Philopœmen demandait à l’assemblée si on le croyait assez ignorant pour ne pas savoir discerner en quoi diffère le gouvernement de Rome de celui des Achéens, et combien ce premier gouvernement est supérieur à l’autre. « Mais, dit-il, toute puissance supérieure étant lourde aux plus faibles, que faut-il faire ? Nous unir de toutes nos forces à des maîtres, et ne pas manifester d’opposition pour subir aussitôt les ordres les plus durs, ou bien nous roidir tant que nous pourrons, et retarder notre esclavage ?..... S’ils ordonnent, nous rappelant cela, nous reprendrons courage, et nous repousserons ce qu’il y aura d’amer dans leur domination, surtout parce qu’il est reconnu que jusqu’à ce jour, comme vous le dites, Aristène, les Romains ont fait le plus grand cas des sermens, de l’observation des traités, enfin de la fidélité envers les alliés. Mais si, désespérant de l’équité de notre cause, nous nous soumettons comme des prisonniers de guerre à leur volonté, en quoi différera la nation achéenne des Siciliens, des Tyrrhéniens, que chacun sait être depuis long-temps plongés dans l’esclavage ? C’est pourquoi, dit-il, ou nous devons convenir que la justice des Romains n’est qu’un vain nom, ou si nous n’osons le proclamer, user de notre droit, et ne pas regarder notre cause comme désespérée quand les plus grandes et les plus belles occasions semblent s’offrir à nous de lutter contre les Romains. Il viendra, je le sais, un temps pour les Grecs où il faudra obéir à des ordres ; mais cherchons s’il faut rapprocher ce temps ou l’éloigner. Je pense qu’il faut l’éloigner. C’est en cela, ajouta-t-il, que les idées d’Aristène diffèrent des miennes ; car il veut accomplir, le plus tôt possible, des événemens dont il entrevoit l’issue ; il s’y emploie, il y met toutes ses forces ; et moi je mets toutes les miennes à opposer de la résistance afin de reculer ces événemens. » On voit, d’après ce que nous venons de rapporter, que la politique de l’un était belle, celle de l’autre paraît sage, et tous deux avaient en vue le bonheur du pays.

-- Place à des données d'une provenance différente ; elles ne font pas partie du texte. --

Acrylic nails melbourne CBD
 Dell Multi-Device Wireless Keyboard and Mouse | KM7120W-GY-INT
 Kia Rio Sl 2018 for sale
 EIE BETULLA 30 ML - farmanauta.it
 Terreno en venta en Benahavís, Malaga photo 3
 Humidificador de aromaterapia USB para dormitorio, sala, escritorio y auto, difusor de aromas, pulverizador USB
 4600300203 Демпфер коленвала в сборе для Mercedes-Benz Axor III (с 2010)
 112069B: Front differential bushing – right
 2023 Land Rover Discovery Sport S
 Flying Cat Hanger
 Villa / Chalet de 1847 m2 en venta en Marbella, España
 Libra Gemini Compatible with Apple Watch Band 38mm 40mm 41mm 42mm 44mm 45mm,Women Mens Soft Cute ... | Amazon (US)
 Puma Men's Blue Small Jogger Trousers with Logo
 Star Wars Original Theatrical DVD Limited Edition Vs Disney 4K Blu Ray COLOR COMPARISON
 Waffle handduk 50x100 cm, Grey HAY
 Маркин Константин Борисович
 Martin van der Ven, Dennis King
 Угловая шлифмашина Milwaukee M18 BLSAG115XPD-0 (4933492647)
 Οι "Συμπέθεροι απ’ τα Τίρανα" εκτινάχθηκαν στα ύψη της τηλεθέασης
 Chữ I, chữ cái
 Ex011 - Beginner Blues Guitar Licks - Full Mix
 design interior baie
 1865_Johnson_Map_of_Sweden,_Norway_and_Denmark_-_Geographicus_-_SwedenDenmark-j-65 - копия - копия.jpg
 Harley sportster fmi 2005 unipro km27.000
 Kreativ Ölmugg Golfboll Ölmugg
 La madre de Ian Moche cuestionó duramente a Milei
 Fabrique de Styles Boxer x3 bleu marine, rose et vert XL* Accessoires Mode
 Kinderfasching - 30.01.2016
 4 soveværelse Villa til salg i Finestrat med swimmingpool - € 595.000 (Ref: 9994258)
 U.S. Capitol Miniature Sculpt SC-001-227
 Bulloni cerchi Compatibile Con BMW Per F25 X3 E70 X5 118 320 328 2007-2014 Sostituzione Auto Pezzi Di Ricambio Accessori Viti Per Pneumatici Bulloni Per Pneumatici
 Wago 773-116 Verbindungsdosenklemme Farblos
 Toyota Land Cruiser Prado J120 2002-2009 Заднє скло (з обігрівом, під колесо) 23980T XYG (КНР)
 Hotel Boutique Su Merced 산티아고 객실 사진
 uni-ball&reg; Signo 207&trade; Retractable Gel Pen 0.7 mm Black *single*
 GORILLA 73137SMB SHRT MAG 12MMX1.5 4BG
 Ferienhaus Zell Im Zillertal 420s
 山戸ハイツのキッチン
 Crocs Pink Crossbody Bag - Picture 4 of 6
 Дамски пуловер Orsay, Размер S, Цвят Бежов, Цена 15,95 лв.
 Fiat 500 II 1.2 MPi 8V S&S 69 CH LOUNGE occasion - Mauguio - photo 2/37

Mais alors de grandes choses s’apprêtaient pour Rome et la Grèce, sans parler de Philippe et d’Antiochus. Cependant Aristène et Philopœmen maintenaient l’intégrité du sol achéen contre les Romains. Le bruit courut néanmoins qu’Aristène était mieux prévenu en leur faveur que Philopœmen. (Angelo Mai et Jacobus Geel, ubi suprà.)